O Enem e a educação
O Enem e a educação em valores no ensino médio
Celso Antunes
Muitos professores brasileiros que ministram aulas no ensino médio repudiam a ideia de desenvolver um projeto de formação de personalidade de seus alunos inspirado em valores éticos e morais, por acreditarem em duas falácias que esta breve crônica busca desmontar: a primeira é a alegação de que o tempo que se consome para a exposição dos conteúdos torna impossível um desvio para a educação ética. Já a segunda é a de que materializar competências em sala de aula – e, dessa forma, melhor preparar os alunos para o Exame Nacional do Ensino Médio (Enem) – constitui tema explícito às áreas de conhecimento tradicionais, de modo que questões procedimentais e reflexões morais seriam capítulos à parte das linguagens, dos códigos e suas tecnologias, das ciências humanas, das ciências da natureza e da matemática.
Quando assim se acredita, realmente não sobra tempo para a discussão de procedimentos e a formação da pessoa do aluno, nem mesmo é perceptível a contextualização de temas curriculares aos desafios de uma vida física e mentalmente saudável. A desmontagem dessa concepção não é apenas possível, como temos acompanhado com interesse inúmeros casos em que os alunos tornaram-se “afiados” para os desafios do Enem e, mais ainda, conscientes de sua singularidade como pessoa e da assunção de um protagonismo ético em casa, no emprego e na construção de suas amizades. Como, então, integrar essas vias e desmontar a ideia de que trabalhar valores segue via distinta de formar consciências?
Aprimorar a capacidade plena de compreensão de textos (em língua portuguesa ou estrangeira), mas também de diagramas, gráficos, charges, pinturas e quadrinhos é essencial em todas as disciplinas do currículo e seguramente nenhuma delas se afasta de associações à ética e à bondade, à justiça e à coragem, à autonomia e à leitura e à aceitação da pluralidade. Qualquer professor que agrupar seus alunos e desafiá-los a buscar esses valores na literatura, em revistas de histórias em quadrinho, nas novelas exibidas na televisão ou nos filmes em cartaz perceberá resposta entusiástica a esse desafio e vai se surpreender com como a discussão em grupos sugere alternativas que ligam o que se aprende na escola e a leitura que se faz do entorno e da rua. De igual maneira, a compreensão e a interpretação de fenômenos aparecem nos livros como aparecem nos shoppings, emanam dos filmes e das novelas como se destacam nos livros didáticos.
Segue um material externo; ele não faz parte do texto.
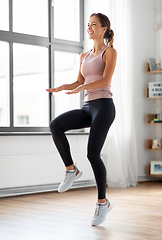 Image showing smiling young woman exercising at home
Uma discussão coletiva em que o protagonismo do aluno é instigado traz surpreendentes revelações. Se essas competências básicas emergem dos eixos cognitivos e se espalham pelos caminhos que se percorrem, mais ainda se evidenciam e se destacam quando a discussão visa solucionar problemas, dominando linguagens e olhando os fatos.
Construir argumentação e elaborar proposta requer o domínio de conteúdos conceituais e a percepção de que estes também podem ser vistos nas ruas em que se anda, nas festas que se frequenta, nos esportes que se aplaude ou pratica. Qualquer aluno em qualquer lugar do mundo que encontrasse um adulto (pai, amigo ou professor) que o desafiasse, em cada instante e curva da estrada, a fazer das competências do Enem o seu jeito de ler a vida e pensar seu tempo – e, mais ainda, propiciasse espaço e oportunidade para discutir essas observações com seus colegas –, estaria sendo simultaneamente preparado para viver melhor e, de quebra, ser ainda “fera” nas provas do Enem.
Artigo publicado na edição de maio de 2014.